Sample Configuration Entry:
1 2 3 4 5 6 7 8 9 10 11 12 13 14 15 16 17 18 19 20 |
dataset: name: CIFAR100 init_classes: 20 increment: 10 setting: task-agnostic mode: online model: backbone: ResNet18 classifier: Linear algorithm: name: ERACE replay_buffer_size: 10000 replay_loss_weight: 1.0 optimizer: type: SGD lr: 0.1 weight_decay: 5e-4 momentum: 0.9 memory: budget: 50MB |
6. Empirical Analysis, Main Findings, and Recommendations
Analyses in (Li et al., 26 Dec 2025) expose sharp performance drops for popular algorithms under realistic constraints:
- Online singular-pass collapse: EWC, BiC, and similar methods fall well below 10% on CIFAR-10/100 when trained in the strict online regime.
- Prompt-based efficiency: CodaPrompt achieves 83% at only 4 MB buffer, whereas iCaRL ranges from 35% at 4 MB to 91% at 100 MB, demonstrating diminishing returns.
- Task randomization robustness: RanPAC experiences substantial declines in accuracy when category boundaries are randomized, while MoE-Adapter4CL sees gains, leveraging its expert routing, and regularization-based methods remain relatively stable.
Best practices recommended:
- Prefer PTM-based, parameter-efficient algorithms (prompts, adapters) for online CL.
- Enforce a shared memory budget across methods and storage types.
- Benchmark under category-randomized task orderings to expose robustness.
- Optimize for accuracy per MB of auxiliary memory, not maximum accuracy alone.
- Advance research on dynamic memory allocation, hybrid regularization-buffer methods, and architectures capable of adapting to both inter- and intra-task heterogeneity.
7. Impact, Comparison, and Future Directions
LibContinual's rigorous enforcement of online update protocols, unified memory accounting, and randomized task partitions differentiate it from prior CL libraries (e.g., Avalanche, SequeL). Whereas previous toolkits often assumed more permissive offline or multi-epoch regimes and reported buffer efficiency inconsistently, LibContinual directly targets deployments under realistic, data-streaming constraints and supports cross-algorithm, cross-category comparison on equal resource terms (Li et al., 26 Dec 2025, Carta et al., 2023, Dimitriadis et al., 2023).

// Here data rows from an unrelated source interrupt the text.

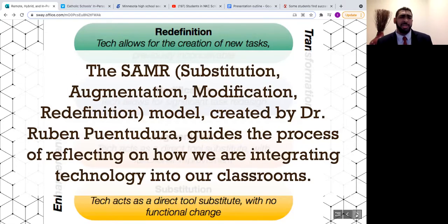One framework you may have seen is SAMR — Substitution, Augmentation, Modification, and Redefinition — created by Dr. Ruben Puentedura. This model guides the process of reflecting on how we integrate technology into our classrooms. The ultimate goal of technology integration is to completely redefine how we teach and learn — that's the whole point of in-person 2.0: to do things we never could before with technology in our hands.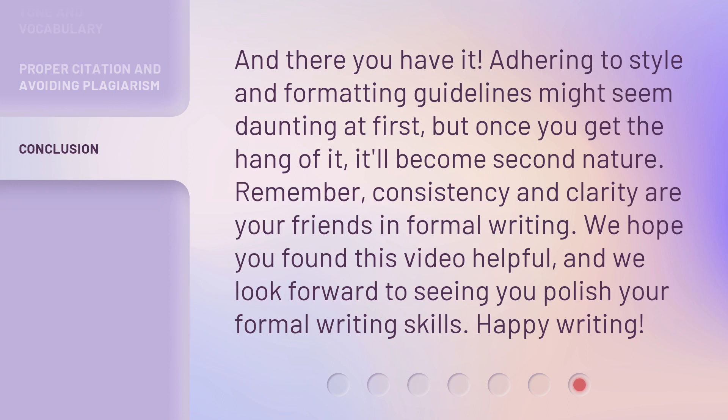And there you have it. Adhering to style and formatting guidelines might seem daunting at first, but once you get the hang of it, it'll become second nature. Remember, consistency and clarity are your friends in formal writing. We hope you found this video helpful, and we look forward to seeing you polish your formal writing skills. Happy writing!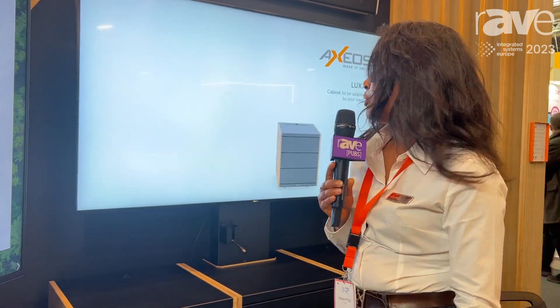You can find all information about our company on www.axeos.net. We are French manufacturers, 100% French made, and we are also moving towards more eco-friendly products for companies. Thank you.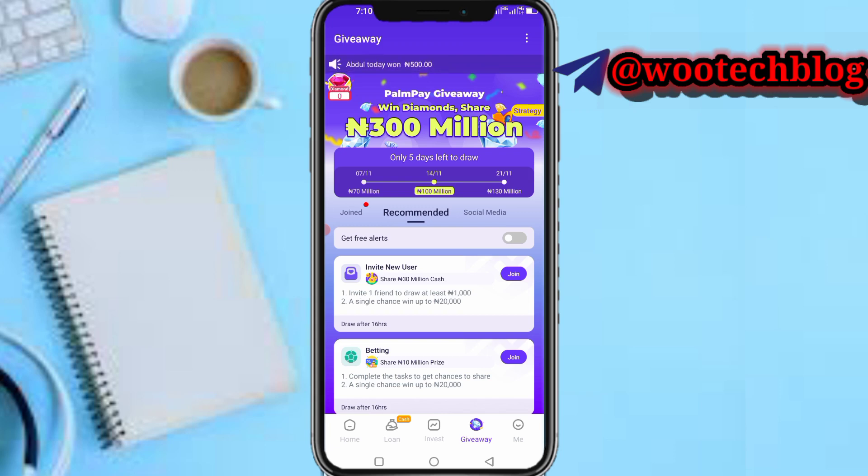On the first draw they give 17 million, second draw 100 million, third draw 130 million. They will distribute this randomly according to the amount of diamonds you acquired via this event. Everyone will benefit — as long as you acquire a diamond, it will be split.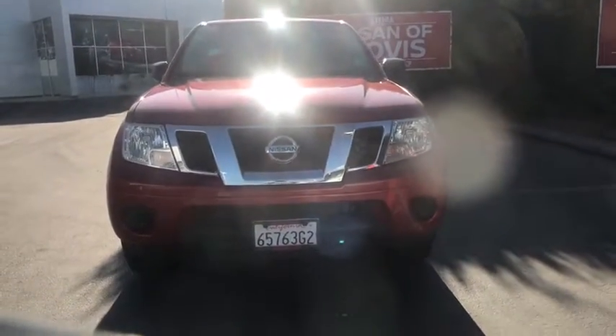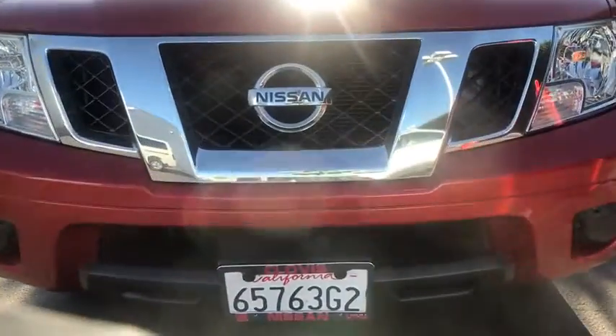Take this vehicle for a spin and see why so many shoppers are now proud owners.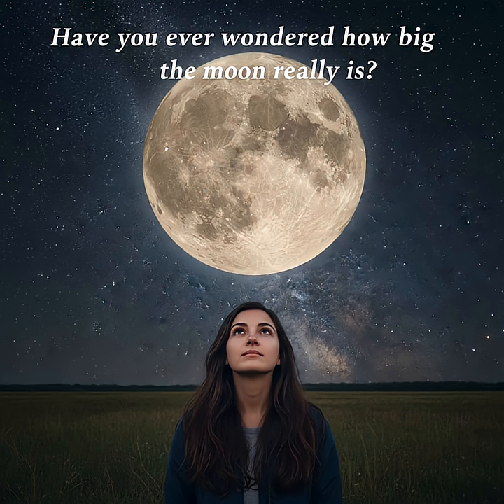Have you ever looked up at the Moon and wondered how big it really is? We all know it's massive, but how does it stack up against the land we live on? Let's put it in perspective.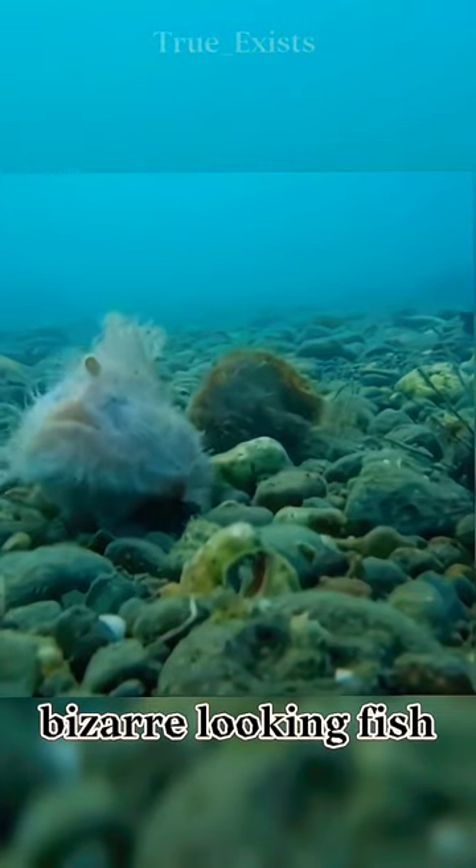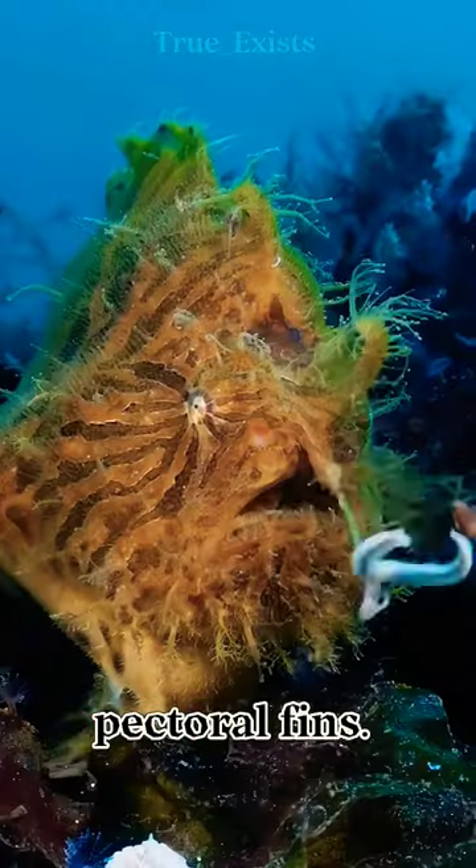The hairy frogfish, a bizarre-looking fish, slowly walks along the ocean floor with their modified pectoral fins.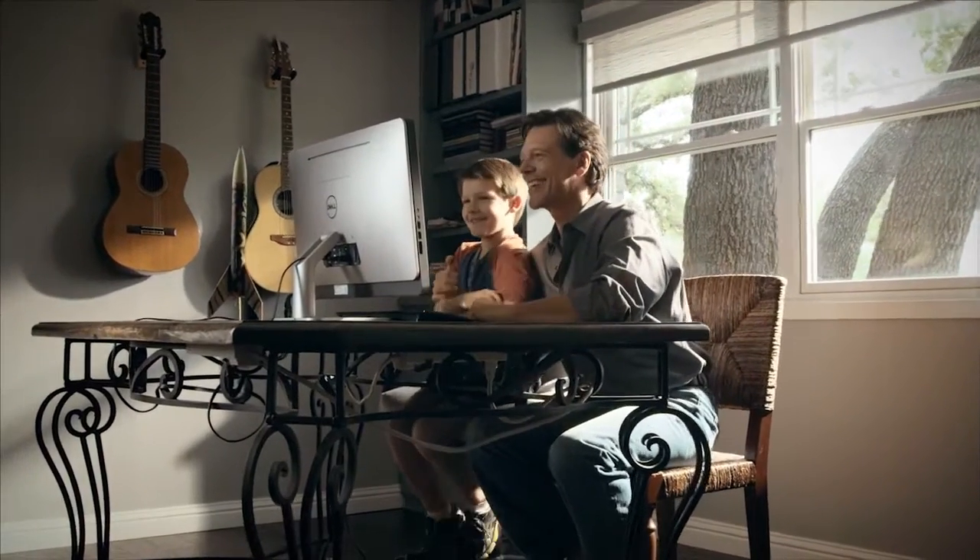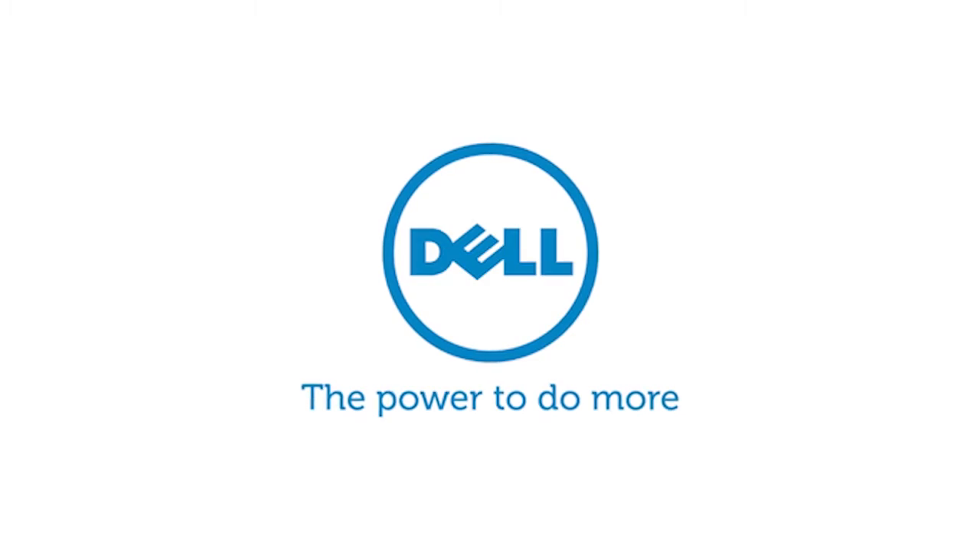The Dell Inspiron 2330 keeps up with the details, so you can focus on what matters most. Dell. The power to do more.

Future research directions motivated by findings uncovered with LibContinual include:
- Smart, adaptive memory allocation mechanisms
- Development and benchmarking of hybrid regularization–replay algorithms that remain memory- and compute-efficient
- Architectural innovations beyond static backbones, including dynamic routing and parameter-efficient adaptation (e.g., MoE, adapters)
- Semantically robust CL approaches validated under randomized and real-world task decompositions
LibContinual’s standardization of protocols, resource accounting, and extension patterns positions it as the reference toolkit for the next generation of realistic continual learning research.